As it happens, the Pew data suggest that the movement rightward may be balanced by a movement of haredi Jews traveling in the opposite direction. Moreover, those joining “right-wing shuls” do not generally move into haredi communities. It would thus be more accurate to see the so-called “slide to the right” as a matter less of massive defections to the haredi camp than of a shift within Modern Orthodoxy, led in this instance by those inclined to adopt aspects of haredi life while remaining nominally Modern Orthodox.

In some cases, the “slide” takes merely symbolic or token form, as when men wear black hats during prayer and women adopt haredi-style head coverings while otherwise continuing to maintain their very modern style of life. More significant, and much more distressing to stalwarts of Modern Orthodox values, has been the assimilation—some would say infiltration—of a “neo-haredi” worldview into some of the movement’s key institutions.

Since the passing of Rabbi Soloveitchik from the scene some 30 years ago, the Yeshiva University world has lacked an authoritative figure who personifies for the broader public the synthesis proclaimed in YU’s motto of Torah u’madda. Meanwhile, a neo-haredi group of roshei yeshiva—the term, often translated as deans of talmudic academies, more accurately connotes advanced teachers of rabbinic texts—has planted its flag at YU’s Rabbi Isaac Elchanan Rabbinical Seminary (RIETS), which educates, ordains, and shapes the religious and halakhic worldview of Modern Orthodox rabbis. In addition, Modern Orthodox day schools often employ haredi teachers who likewise communicate their ideology to impressionable students and may encourage them after graduation to attend an Israeli yeshiva or girls’ seminary where neo-haredi perspectives predominate. Of late, some long-time Modern Orthodox synagogues have also taken to hiring haredi or neo-haredi rabbis to fill their pulpits. And the community as a whole has become dependent on haredim who fill certain ritually critical roles, including as scribes who write Torah scrolls and other religious documents, kosher slaughterers, and supervisors of kosher food production.
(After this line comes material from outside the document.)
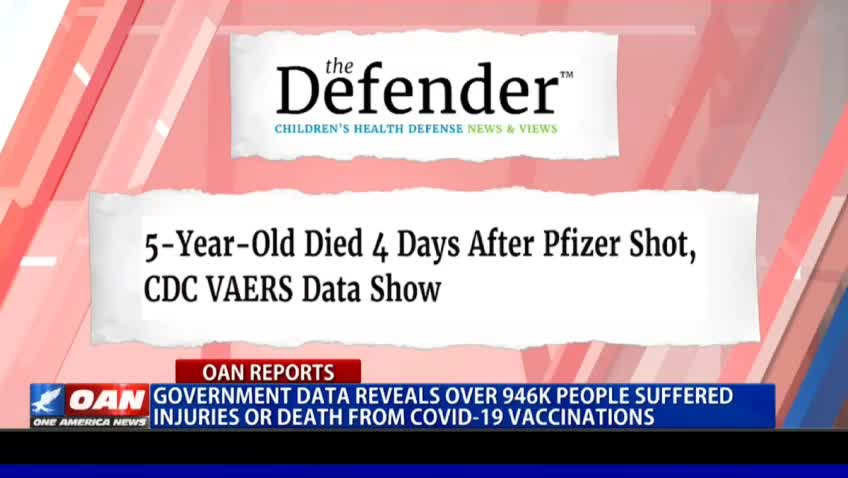 🇺🇸GOVT DATA - 947k Americans suffered or died after jab. Young children dying😪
Most subversive of all has been the internalization of the idea that haredi Judaism represents the touchstone and arbiter of Orthodox authenticity, period. This has placed Modern Orthodoxy on the defensive, handcuffing it to a way of thinking at odds with its founding assumptions. Willy-nilly, by absorbing the resistant mindset, important sectors of the movement have thereby undermined Modern Orthodoxy’s accommodative ideology and, worse, have made it more difficult to help their members navigate as observant Jews who embrace modern culture.


3. Pressure from the Left

If the challenge represented by the haredim exerts pressure on modern Orthodoxy from one direction, another and equally great challenge makes itself felt from the opposite direction. To Rabbi Yitz Greenberg, speaking at a recent forum on the Pew study, Modern Orthodox Jews live “on the same [cultural] continuum” as their non-Orthodox counterparts, being no less “exposed to the attractions of modernity and the acids of skepticism/historical criticism/social mores,” and no less likely to succumb to those twin forces, both the “attractions” and the “acids,” than are Conservative, Reform, or for that matter non-affiliated and secular Jews. Rabbi Greenberg even attributes the “demographic decline” of the movement primarily to this factor.
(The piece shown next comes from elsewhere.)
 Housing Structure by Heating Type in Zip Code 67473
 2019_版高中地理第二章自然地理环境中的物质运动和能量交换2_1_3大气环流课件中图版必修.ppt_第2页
Actually, as we have seen, the problem is not (or not yet) one of serious decline but rather of demographic stasis. But there can be no doubt that Modern Orthodox Jews have become at least as alert to the most controversial issues roiling their movement from the Left as from the Right. To adapt Jeffrey Gurock’s nomenclature of resisters versus accommodators, which he applied to the struggle within the larger Orthodox world between the haredim and the Modern Orthodox, we may say that Modern Orthodoxy itself is now beset by a no less bitter or momentous struggle: between its own internal resisters attracted by haredi Judaism and accommodators more willing to adapt Jewish law to 21st-century ethical sensibilities.
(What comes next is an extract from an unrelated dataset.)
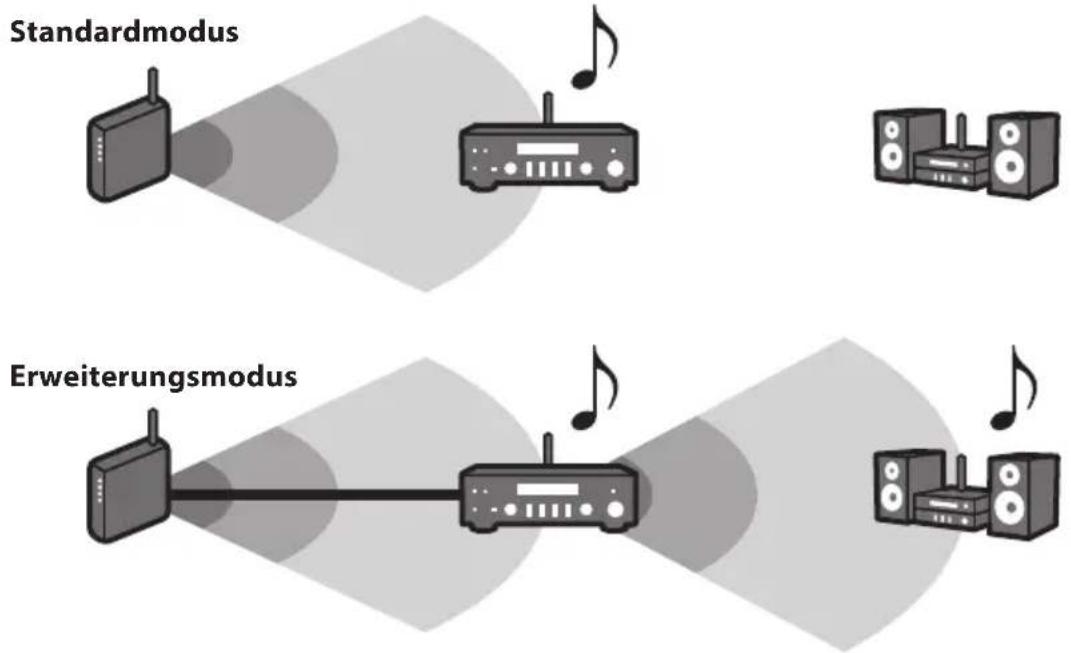 Standardmodus Erweiterungsmodus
Undoubtedly, the most hotly debated set of issues concerns the status of Orthodox women. Sexual equality is now taken for granted in most Modern Orthodox homes, and holding males and females to different standards is increasingly unthinkable. Under the circumstances, why should it not occur to some girls that they too might don t’filin (phylacteries), traditionally the accoutrements of male worship? How much Torah and Talmud ought girls and women be encouraged to study? May women serve as synagogue presidents? May they conduct their own prayer services, lead parts of mixed services, or wear t’filin during public worship? And, drawing the greatest heat: what are rabbis prepared to do to release “chained” women (agunot), whose husbands have refused to grant them a proper writ of divorce?

Other debates center on the proper treatment of homosexuality and homosexuals in the Orthodox community; how the community should relate to non-Orthodox Jews; the authority exercised by the Israeli chief rabbinate in matters pertaining to American Orthodox Jews; the authority of congregational rabbis vis-à-vis that of roshei yeshiva; the latitude, if any, for interpreting the theological category of “Torah from Heaven”—i.e., the belief that the Torah was dictated verbatim by God to Moses; and more.

In short, the same culture wars that have engulfed non-Orthodox Jews, Catholics, and Protestants now rage in the modern-Orthodox world.

This is not the place to discuss the complex legal and theological arguments on these issues advanced by different rabbinic authorities. Suffice it to say there are deep differences over who is credentialed to issue legal rulings and how flexible is Jewish law. On one side, Modern Orthodox resisters argue they are constrained by halakhic precedent even when it comes to mitigating the suffering of agunot. On the other side, accommodators tend to interpret Jewish law as in some degree subject to historical circumstances; Blu Greenberg, the preeminent leader of Orthodox feminism, has encapsulated this view tersely, declaring that “where there’s a rabbinic will, there’s a halakhic way.” Many advocates of new thinking see the principal driver of change as the larger Orthodox community, with rabbis lagging behind.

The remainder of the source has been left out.